- [TASK TO CARRY OUT]: What should be copied is the stretch of entries below from the line with "Virtual RIAT 2024" up to and including the line with "St. Isaac's Cathedral - St Petersburg", exactly and without images.

· · · · · · ·

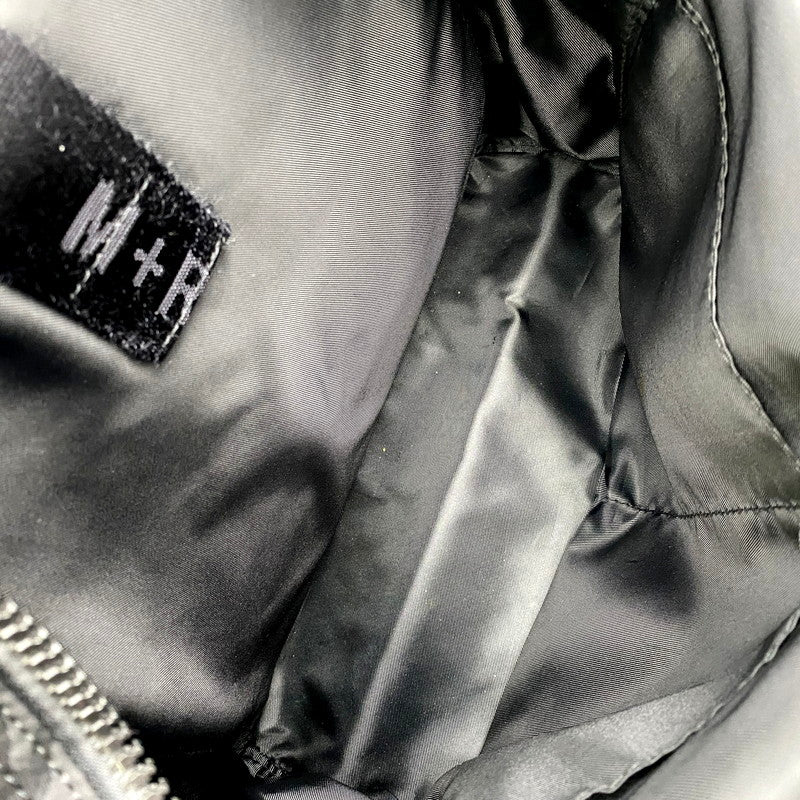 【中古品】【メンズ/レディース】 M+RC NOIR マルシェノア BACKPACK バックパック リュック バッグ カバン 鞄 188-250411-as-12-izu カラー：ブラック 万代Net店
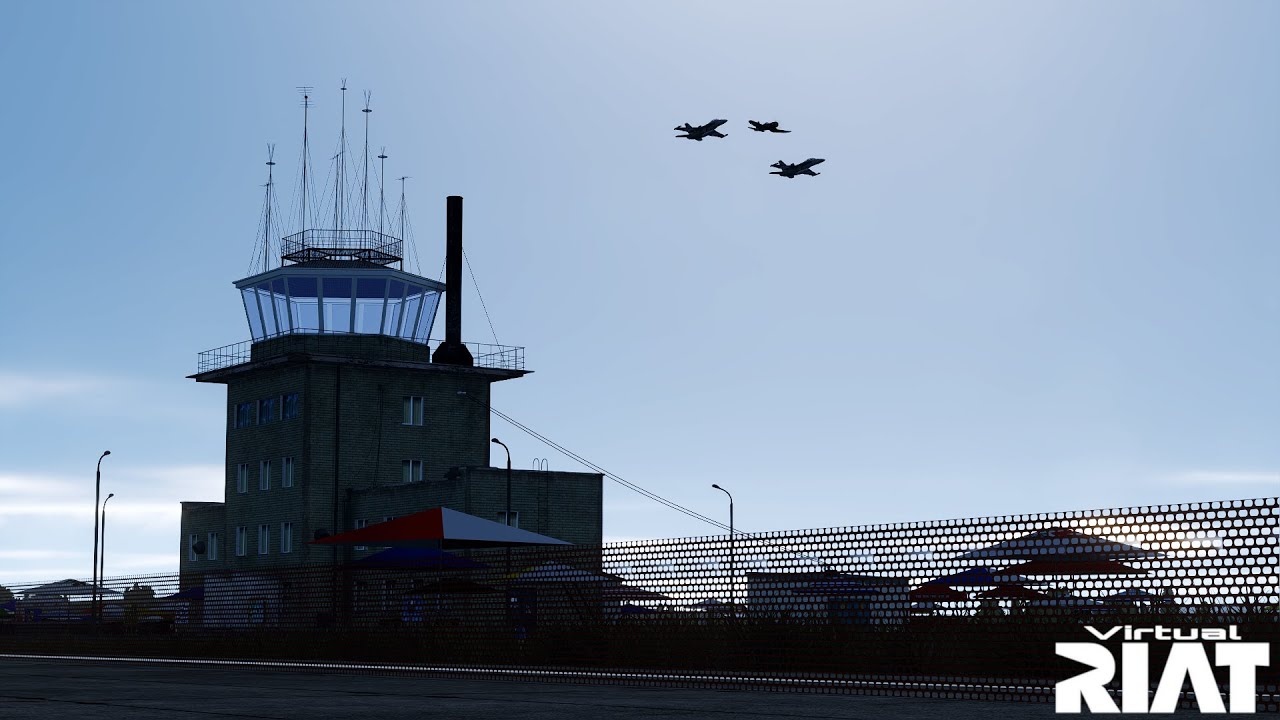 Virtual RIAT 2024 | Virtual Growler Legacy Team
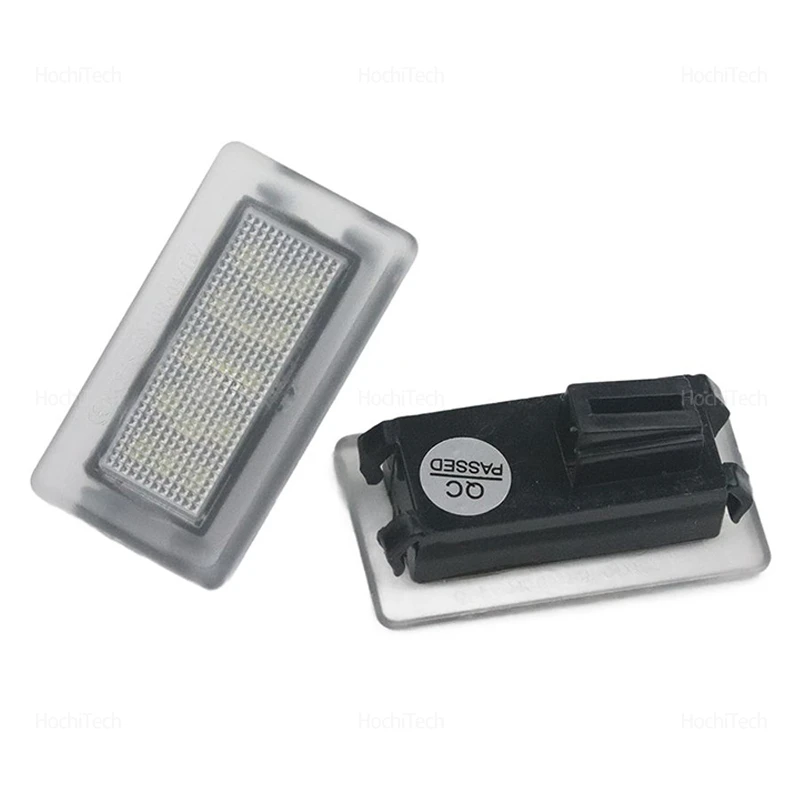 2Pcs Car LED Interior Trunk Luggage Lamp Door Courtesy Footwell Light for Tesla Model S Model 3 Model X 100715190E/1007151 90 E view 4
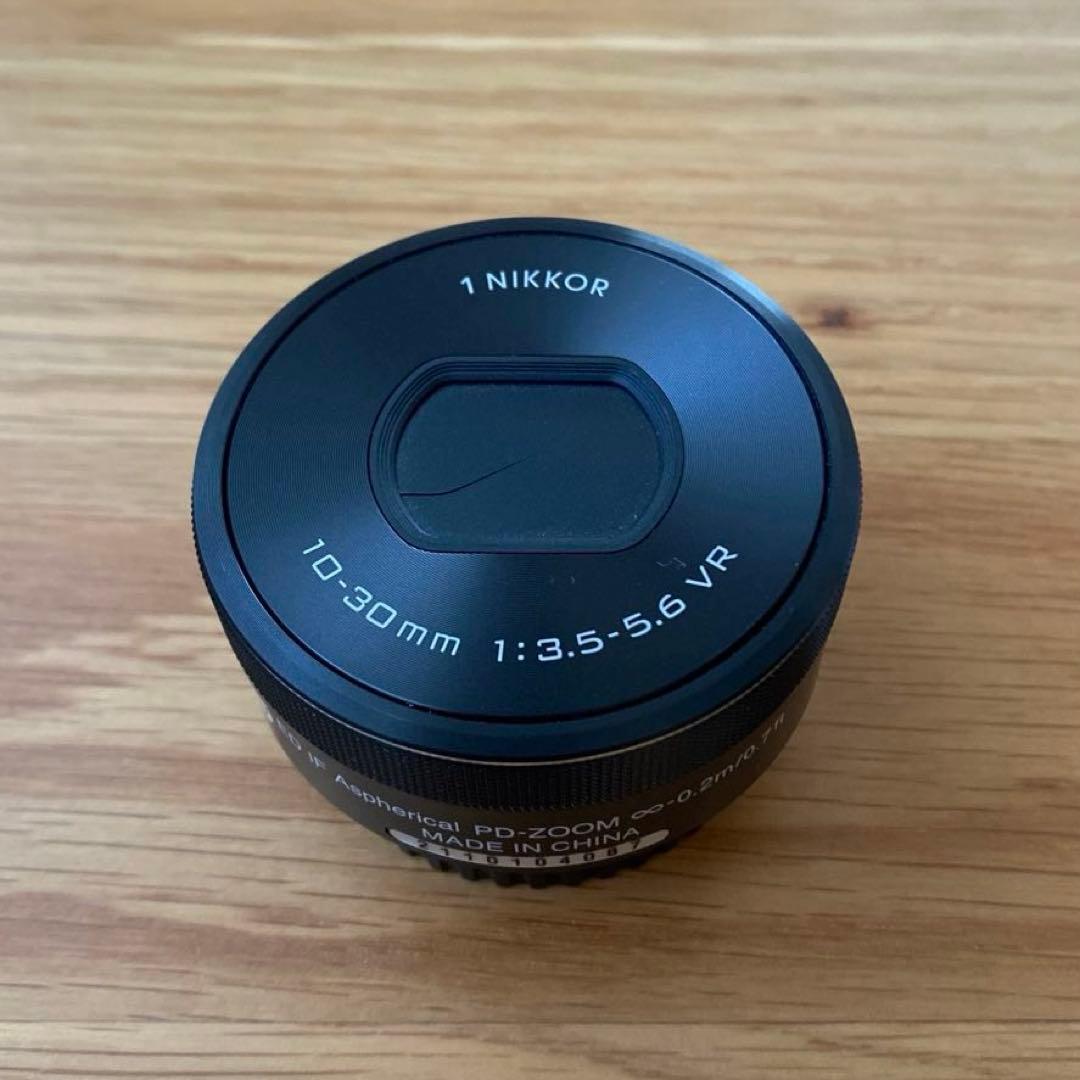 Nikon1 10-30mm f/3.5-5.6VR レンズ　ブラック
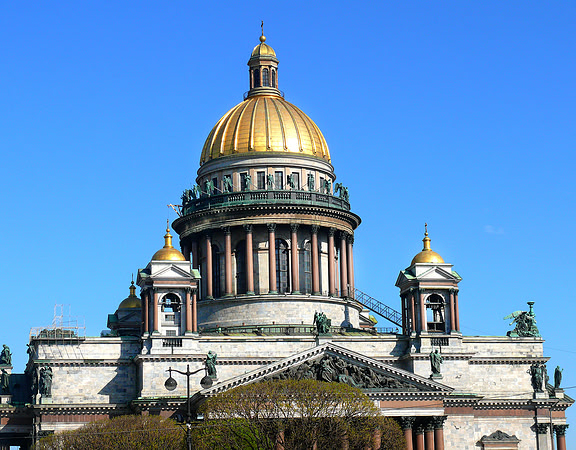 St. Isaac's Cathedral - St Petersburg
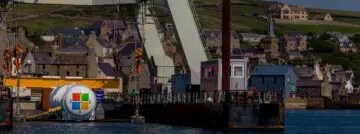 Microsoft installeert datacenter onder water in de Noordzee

· · · · · · ·

- [WRITTEN RESPONSE]:
 Virtual RIAT 2024 | Virtual Growler Legacy Team
 2Pcs Car LED Interior Trunk Luggage Lamp Door Courtesy Footwell Light for Tesla Model S Model 3 Model X 100715190E/1007151 90 E view 4
 Nikon1 10-30mm f/3.5-5.6VR レンズ　ブラック
 St. Isaac's Cathedral - St Petersburg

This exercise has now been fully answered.